The mission of development economics is, fundamentally, to explain why some communities are wealthier than others. This dissertation is a collection of two essays that make progress towards fitting together key pieces of the puzzle. My hope is that the findings will inform, not only researchers, but policymakers working to accelerate economic development.
To that end, the essays make three thematic contributions. First, they leverage data and experiments from the Middle East and North Africa (MENA). While MENA’s relevance to global markets is self-evident, to date economists have paid it less attention than other low- and middle-income regions. Second, the results advance the economic geography of development by exploring trade and forced migration. Third, the results advance the political economy of development by exploring corruption and the victims of conflict. These geographic and political factors are among the most important drivers of structural transformation, productivity growth, and poverty reduction.
In Chapter 1, joint with Nate Grubman and Jawaher Mbarek, I investigate corruption dynamics in international trade. Every year emerging markets import goods valued at more than $7 trillion, and in many countries shipments have to pass through corrupt customs administrations. Given these high stakes, policymakers require a deep understanding of both the causes and the effects of customs fraud. In addition, trade corruption can serve as a laboratory to study corruption writ large. One previously unexplored complexity is that bribe payers and bribe receivers often have repeated interactions. Given corruption’s characteristic counterparty risks and information asymmetries (not to mention the impossibility of contract enforcement), these long-running relationships likely matter for a wide variety of outcomes across a wide variety of contexts.
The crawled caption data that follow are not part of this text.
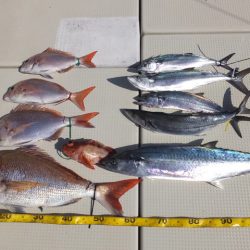 Hit Rush(ヒット ラッシュ） 釣果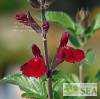 Salvia VIBE® 'Ignition Cranberry'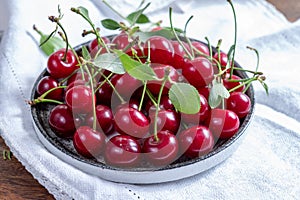 New harvest of red ripe juicy sour cherry or kriek berry
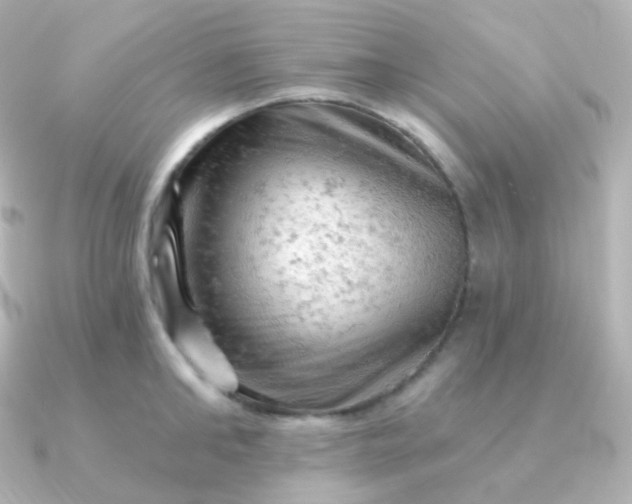 X0000090890902200708101400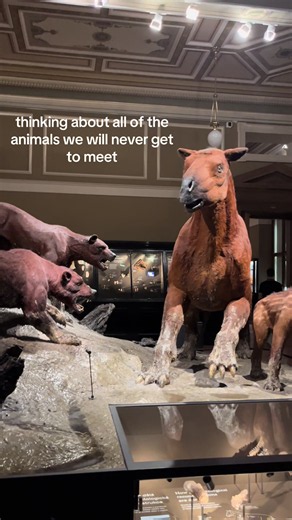 Ice Age Animals We’ll Never Meet: A Paleontology Reflection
To pursue these general learning objectives, we overcome the data and identification challenges inherent to investigating bribery: we build an original dataset on Tunisian customs transactions using an audit study to directly observe bribes, and we leverage a natural experiment in which a computer algorithm randomly assigns customs officials to import shipments. There are three sets of results. First, we show that bribery and tax evasion are widespread, that bribery is collusive (not coercive), and that age (but not gender) predicts officials’ corruptibility. Second, in line with a straightforward Nash Bargaining model, we show that the length of official/trader relationships increases tax evasion but decreases bribe amounts. Third, we zoom out to consider the larger macroeconomic implications and show that, in terms of lost tax revenue, bribery costs the Tunisian government 0.7% of GDP or $80 per citizen.
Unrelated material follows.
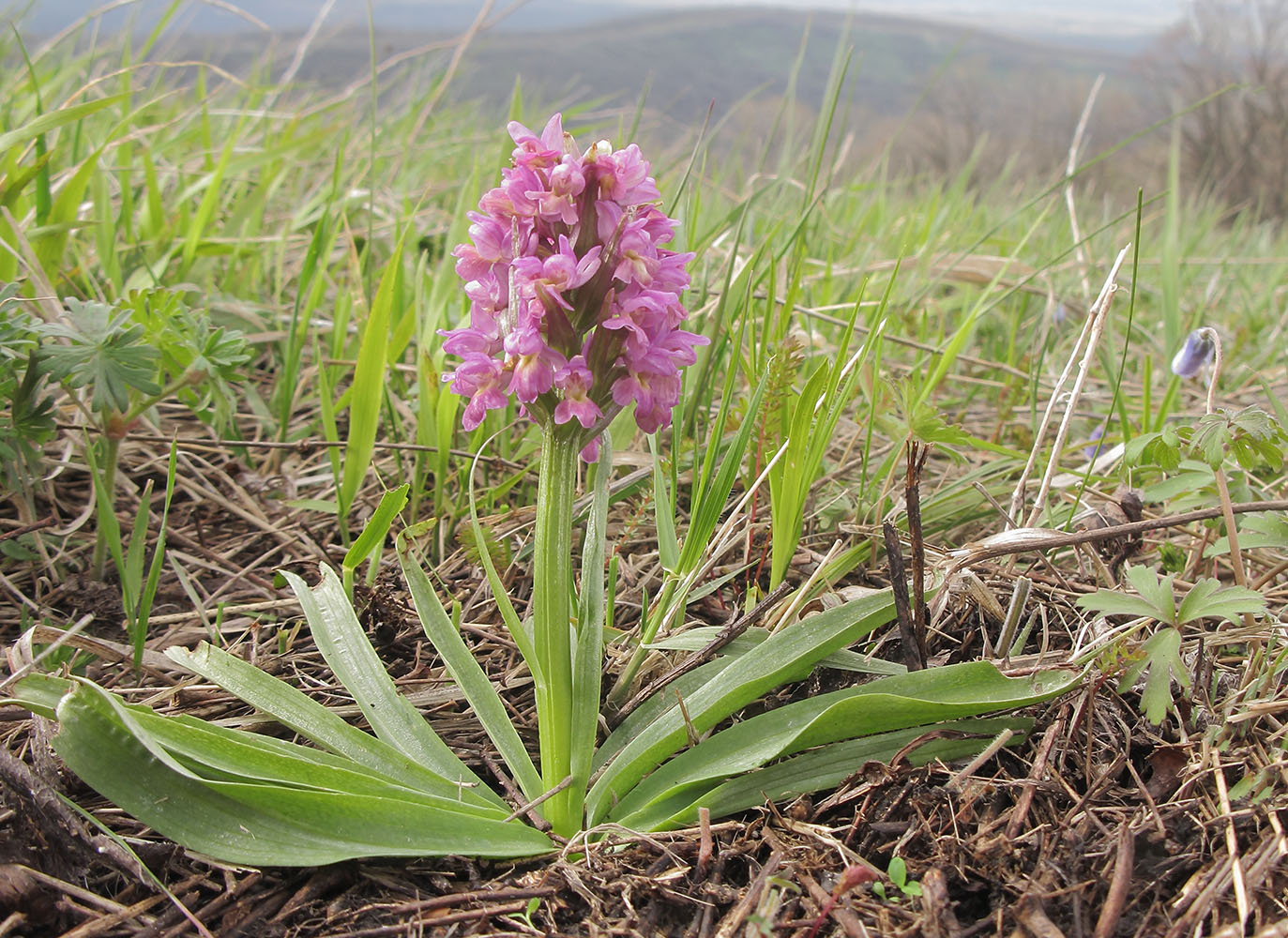 Изображение особи Dactylorhiza romana ssp. georgica.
In Chapter 2, joint with Edward Miguel, Sandra V. Rozo, Emma Smith, and Sarah Stillman, I investigate affordable housing for forced migrants. There are 82 million forced migrants in the world today, and the vast majority reside in “host communities:” they live, work, and attend school in the same neighborhoods as the citizens of their host country. As both a cause and an effect of this arrangement, many governments, IGOs, and NGOs support these refugees’ shelter through either direct provision or rental assistance. However, the evidence on the welfare implications of housing subsidies is inconclusive for refugees in particular and for high-poverty populations in general. On the one hand, studies have shown that shelter assistance has the potential to provide, not just a roof overhead, but a number of downstream benefits. On the other hand, some studies have found null or even negative results, and it is often unclear whether the positive results are due to direct housing-quality effects or indirect neighborhood effects.
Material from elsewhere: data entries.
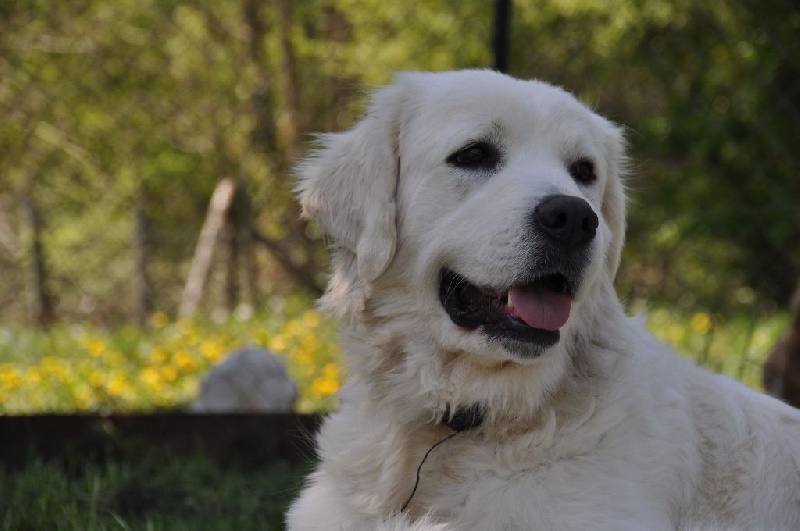 Publication : des coleres de Zeus Auteur : DEROODE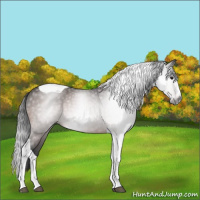 Horse Color:Gray Brown Splash Tobiano 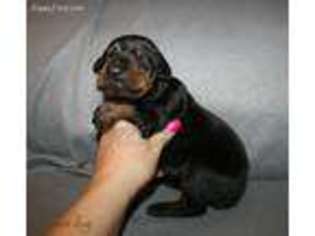 Doberman Pinscher Puppy for sale in Summersville, WV, USA
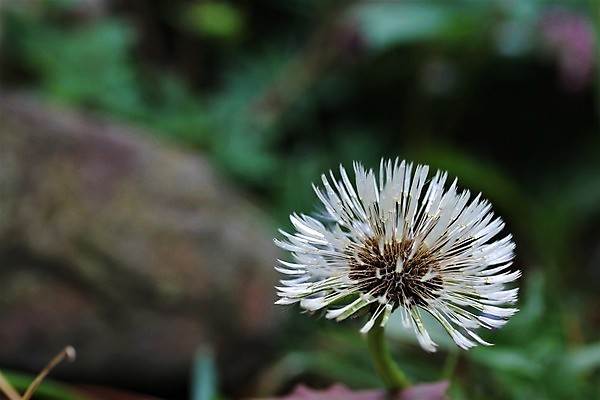 포토 JPG 해외이미지 식물 자연 사람없음 야외 초록색 여름 갈색 봄 흰색 닫기 민들레 해외포토 계절 꽃 컬러 모션 생태계 파일형식 이미지허브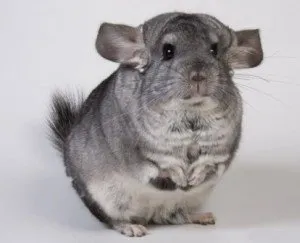 chinchilla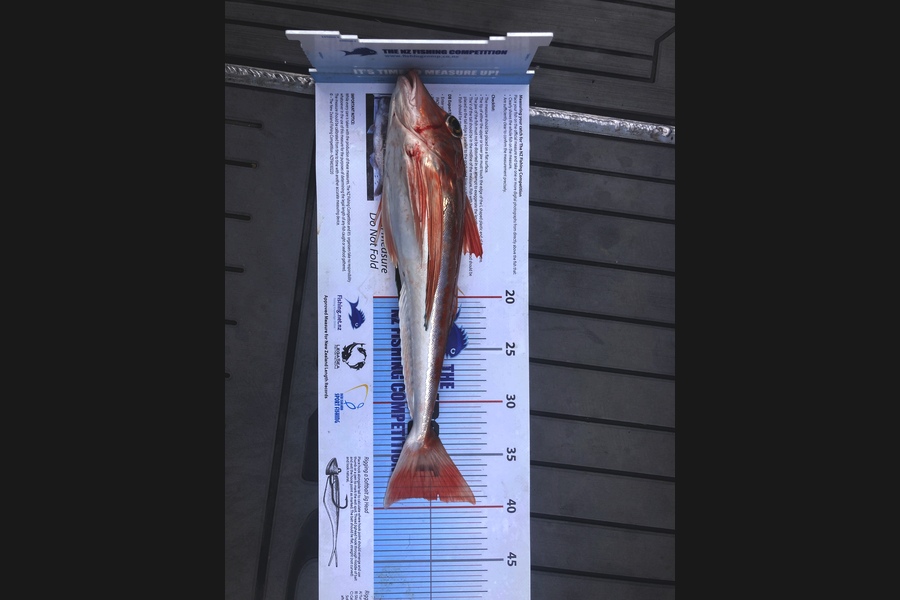 Tim  Kolk caught this 39.0cm Gurnard at Tasman Bay during The Export NZ Fishing Competition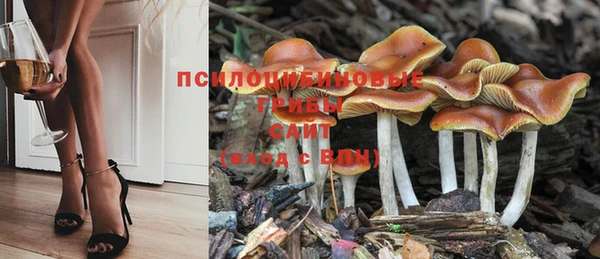 прущий лед Балабаново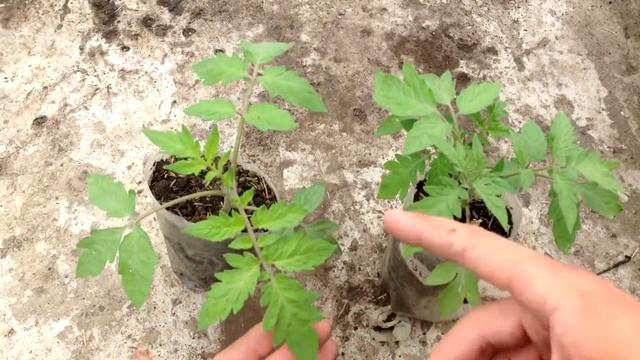 Выращивание рассады томатов смотреть онлайн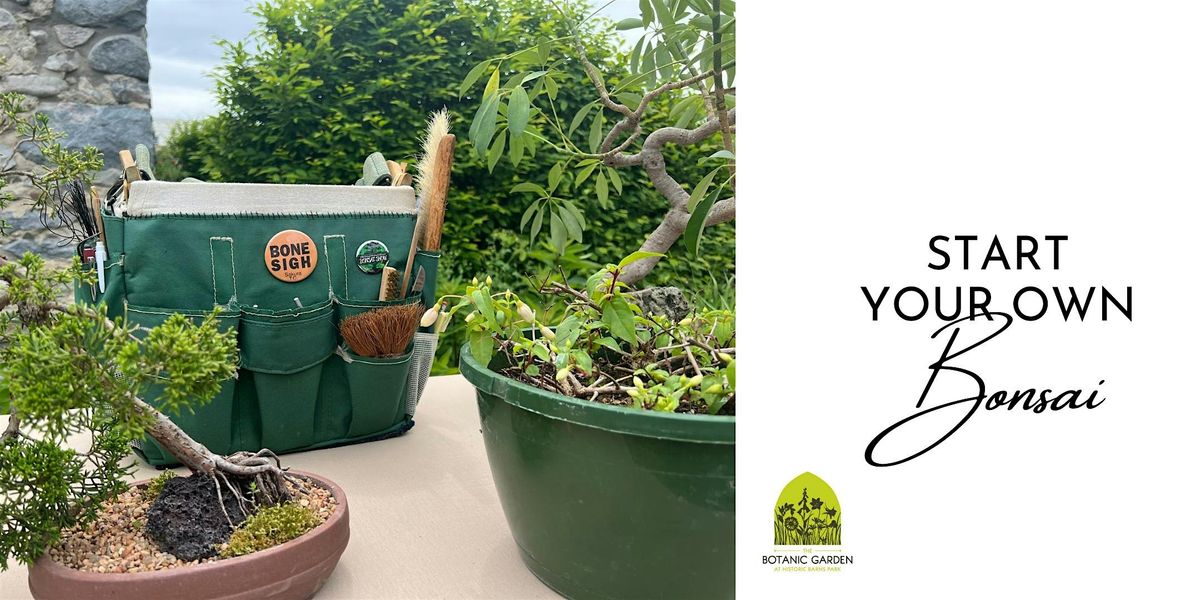 Copy of Start Your Own Bonsai (Outdoor)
To fill this knowledge gap, we ran a randomized controlled trial (RCT) testing a program that provides housing support to Jordan’s Syrian refugees. The subsidies are large (approximately $190 per month) and are not vouchers; households can only use them for their current housing, allowing us to be among the first to identify housing-quality effects absent confounding neighborhood effects. There are three sets of results. First, we estimate the positive impacts of the program. Recipients experience improvements in their living situations, as well as better education and credit-market outcomes. Second, we observe that, while the program does not cause movement of households, it does cause movement between households. Recipients welcome new individuals into their homes, likely so that family, friends, and neighbors can take advantage of the upgraded housing. Third, we estimate the negative impacts of the program and argue that these unintended consequences likely follow from the endogenous household formation. For example, recipients are less food secure, consistent with having more mouths to feed.
Together, these studies have generalizable, actionable insights. Knowing that dynamics matter for corruption can help reform-minded governments decide which levers to pull as they attempt to enhance transparency. And the large economic cost of trade corruption implies a high return on investment for the governments that succeed. Our RCT reveals both the upside potential and the downside risk of large-scale affordable-housing interventions. By refining their design, implementation, and cost-effectiveness, policymakers could improve these programs and the lives of the vulnerable communities they serve.